Problem Solving Classroom

Tips from a Master Teacher (This is a work in progress.)

Superhero in Training

by Mark Illingworth
Superhero in Training
Thanks for Being Brave

Kudos to you for coming to this site and arriving at this sentence. That means you recognize the importance of asking students to think at higher levels in the math classroom as often as possible, and you’re willing to make the effort to learn how to do this better.

That’s what this whole site is about—helping you to let go of tired ways of presenting mathematics that in the best-case scenarios train to students to memorize techniques long enough to perform them on assessments. Still, this approach is safe and comfortable because it’s the one we learned and have been using, and it’s fairly easily to manage. So, you’re brave to be taking a step towards building your classroom around higher-order thinking skills.

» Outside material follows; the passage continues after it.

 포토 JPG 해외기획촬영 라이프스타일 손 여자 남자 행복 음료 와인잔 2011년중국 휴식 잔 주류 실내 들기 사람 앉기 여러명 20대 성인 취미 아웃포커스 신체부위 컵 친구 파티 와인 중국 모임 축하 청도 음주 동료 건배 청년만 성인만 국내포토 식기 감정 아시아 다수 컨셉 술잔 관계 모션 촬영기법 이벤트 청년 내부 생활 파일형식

Although all the articles on this site are written to help you think about or change various aspects of your classroom in order to make it more problem-solving centered, I’ll offer you a few general tips here that will help get you started.

Become a Problem Solver

It’s that simple. You have to practice thinking in the ways that you’re going to ask the students to think. To be clear, I’m not talking about the curated word problems from a textbook; I’m talking about the types of problems that I’ll share on this site that are designed to promote the development of higher-order thinking skills. (It’s also the type of problem on which I based Trapeze Education.) When you have a little window of time, sit down in your home with a beverage of your choice and enjoy some of these problems. You’re a math teacher, so I assume this will be fun for you… providing that you’re not trying to do this when there are dozens of other pressing tasks demanding your attention.

Be the Student

When you’re solving these problems, you have to be two people. Obviously, you have to be the person doing the thinking. You also have to observe the thinker—that’s you. Pay attention to the patterns and structures of your own thought as you develop solution paths.

By being the observer, you’ll accomplish two things. First, you’ll learn what your students have to go through so that you’ll be prepared to employ strategies on the fly for assisting them without giving away too much. (I refer to these as leading questions, which is the subject of another article.) Second, you’ll see firsthand what kinds of thinking your students will be practicing, which will give you an understanding of the ways in which they’re growing.

Experiment and Observe

Once you’re a problem solver, you’ll see the importance of helping your students become problem solvers themselves. It’s obvious that to do that you’ll start giving them better problems—challenges that don’t come with directions or all the data needed to solve them. They often will require multiple techniques, and they may not even have a single right anwer. What’s not obvious is the amount of discomfort you’re going to experience, which is why I wrote Comfortable with Uncomfortable.

Listen More Than You Talk

When you give students the right types of problems, you have to think of it as an experiment. And the more experiments you do, the more you’re going to learn about the process and about the students. Listen to them. Talk to them. Circulate through the class as they solve problems and ask questions that will tell you more about the ways in which they think. Formative assessment doesn’t get any better than this. Of course, you’re still going to occasionally be the dispenser of knowledge when you’re guiding them to discover or learn new techniques. Good teaching of course requires both talking and listening, but if you’re a problem-solving teacher you start to turn the dial more towards the latter.

Article Topics

In a Nutshell


This whole site is about helping you create a classroom rooted in solving problems and developing higher-order thinking skills.


You should be proud that you are brave enough to leave the familiar in order to start dabbling in and eventually perfect the unfamiliar.


Become a problem solver yourself first. Then you'll see the value of this and want to share it with your students.


This whole process will take time, and you'll need to think of the new things you try as experiments from which you'll collect data that will help you do the job even better. Listen more than you talk.